Santa Fe New Mexican

Trump: Not looking to reinstate family separation policy

- By Colleen Long and Jill Colvin

WASHINGTON — Facing bipartisan pushback to his immigratio­n shake-up, President Donald Trump said Tuesday he’s not looking to revive the much-criticized practice of separating migrant children from their families at the southern border. At the same time, he suggested the policy had worked to deter migrants from coming into the U.S., although he offered no evidence to support his position.

Last summer the administra­tion separated more than 2,500 children from their families before internatio­nal outrage forced Trump to halt the practice and a judge ordered them reunited.

“We’re not looking to do that,” Trump told reporters before meeting with Egypt’s president at the White House. But he also noted: “Once you don’t have it, that’s why you see many more people coming. They’re coming like it’s a picnic, because let’s go to Disneyland.”

The potential reinstatem­ent of one of the most divisive practices of Trump’s tenure was just one aspect of the upheaval at the Department of Homeland Security this week that culminated with the resignatio­n of Secretary Kirstjen Nielsen. Acting Deputy Secretary Claire Grady, a 28-year civil servant, technicall­y next in line for secretary, was forced to resign Tuesday to make room for Trump’s pick to replace Nielsen, according to two people familiar with the decision.

With talk that more top officials were likely to be ousted, Republican­s expressed public and private concerns about the shake-up orchestrat­ed by the White House and cautioned that leadership changes wouldn’t necessaril­y solve the problem.

As for the separation of children, Trump declared that he was “the one that stopped it” and said his predecesso­r, President Barack Obama, was the one who had divided family members. Administra­tions are allowed to separate children under certain circumstan­ces including for the health and welfare of the child and due to a parent’s criminal history. This is why children were separated under the Obama administra­tion.

At hearings across Capitol Hill, lawmakers grilled administra­tion officials on whether the practice would resurface despite last year’s outrage and evidence that separation­s were likely to cause lasting psychologi­cal effects on the children. House Oversight Committee Chairman Elijah Cummings, D-Md., also said his committee would take a look at the staff shake-up at Homeland Security, although he said he had not decided on calling in Nielsen.

Sen. John Kennedy, R-La., said there was a serious problem going on between the White House and Homeland Security.

“If everybody’s sitting around waiting for a shiny new wonder pony to ride in and solve it, we’re going to be waiting a long time,” he said.

People familiar with the immigratio­n discussion­s within the administra­tion said family separation was one of several ideas Trump had revived in recent weeks as he and his aides try to tackle the problem of an ever-growing number of Central American families crossing into the U.S. The people were not authorized to speak publicly and spoke to the Associated Press on condition of anonymity.

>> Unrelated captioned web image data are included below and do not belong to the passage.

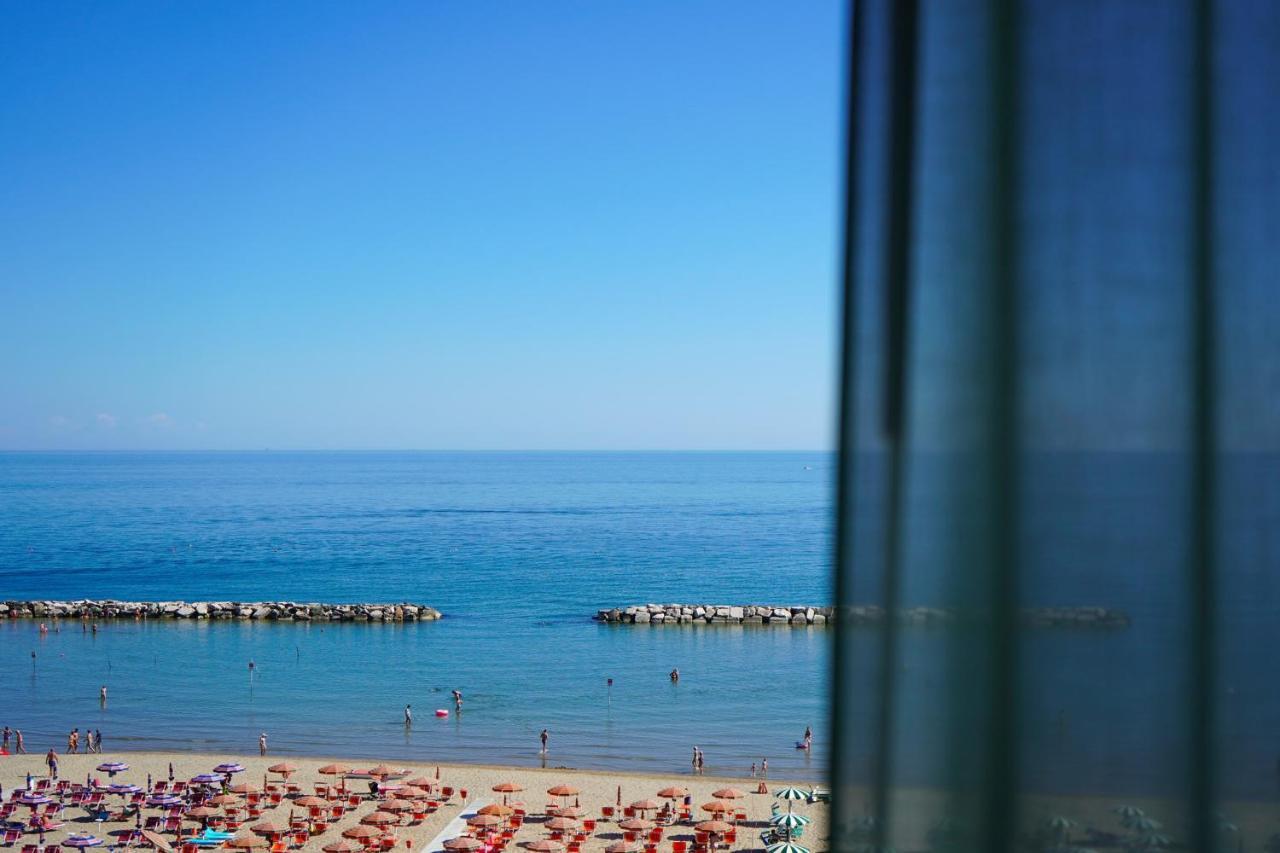 Hotel International Габічче-Маре Екстер'єр фото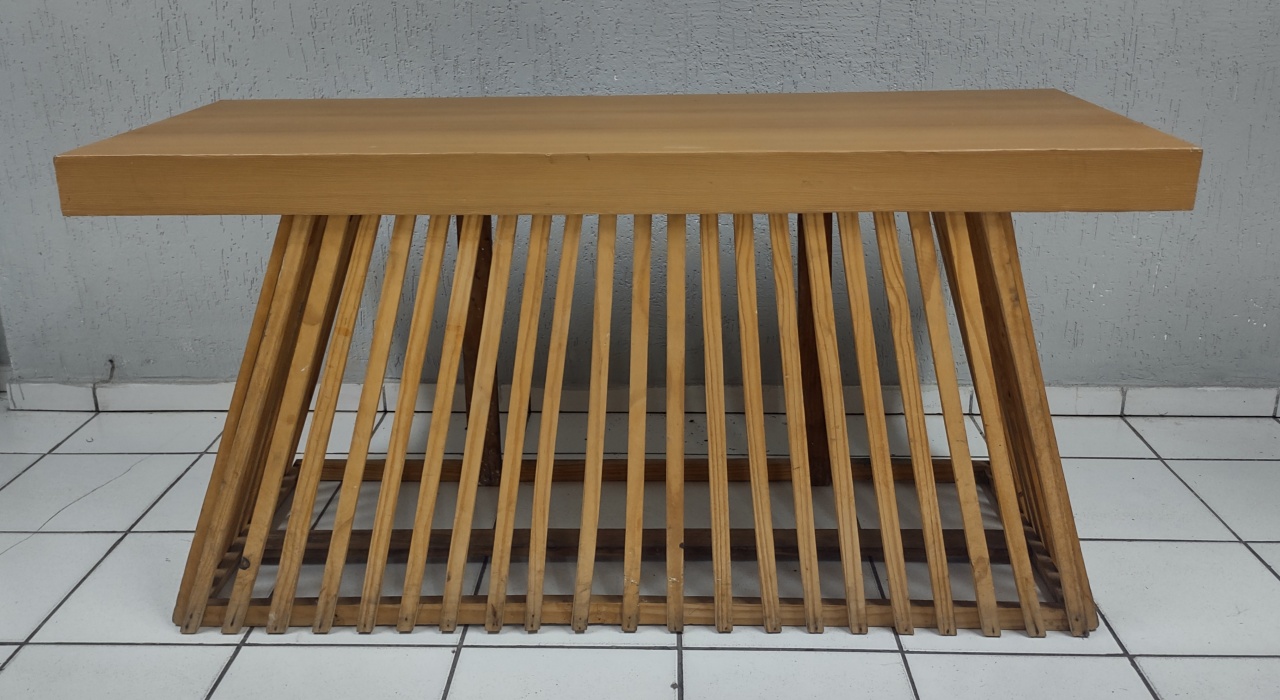 Mesa Retangular Rústica Com Pé Ripado  1,60M X 60Cm - BBFestasAluguel 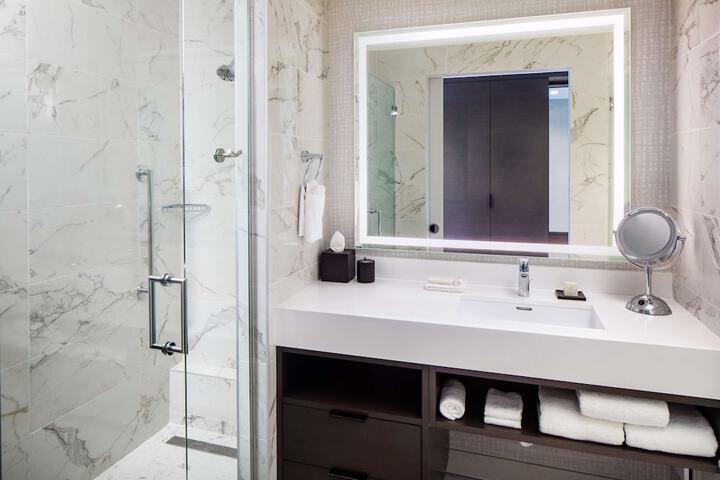 Bathroom shower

A senior administra­tion official who briefed reporters on condition of anonymity Tuesday said the president had made a series of leadership changes at Homeland Security due to frustratio­ns that department officials weren’t fast enough at implementi­ng changes, such as a new regulation that would challenge a longstandi­ng agreement limiting how long children can be detained, that could spark a legal fight that would land in the Supreme Court.

The White House also was weighing a tougher standard to evaluate initial asylum claims, proposing a “binary choice” that would force migrant families to choose between remaining with their children in detention until their immigratio­n cases were decided or sending their children to government shelters while the parents remained in detention.

The administra­tion also is considerin­g clamping down on remittance payments that Mexican nationals send to their families, the official said.

Amid the pushback, Trump told reporters he was not “cleaning house” at the agency despite a number of staff changes. He said his choice to be the department’s new acting director, Kevin McAleenan, would do a “fantastic job.”

But as Trump was speaking, the senior administra­tion official was making a case to reporters about why the president felt changes were necessary. He described the agency as a large and unwieldly civilian bureaucrac­y in need of leadership that can deal with career officials resistant to the president’s agenda, including many responsibl­e for implementi­ng some of the very policies Trump seeks to roll back.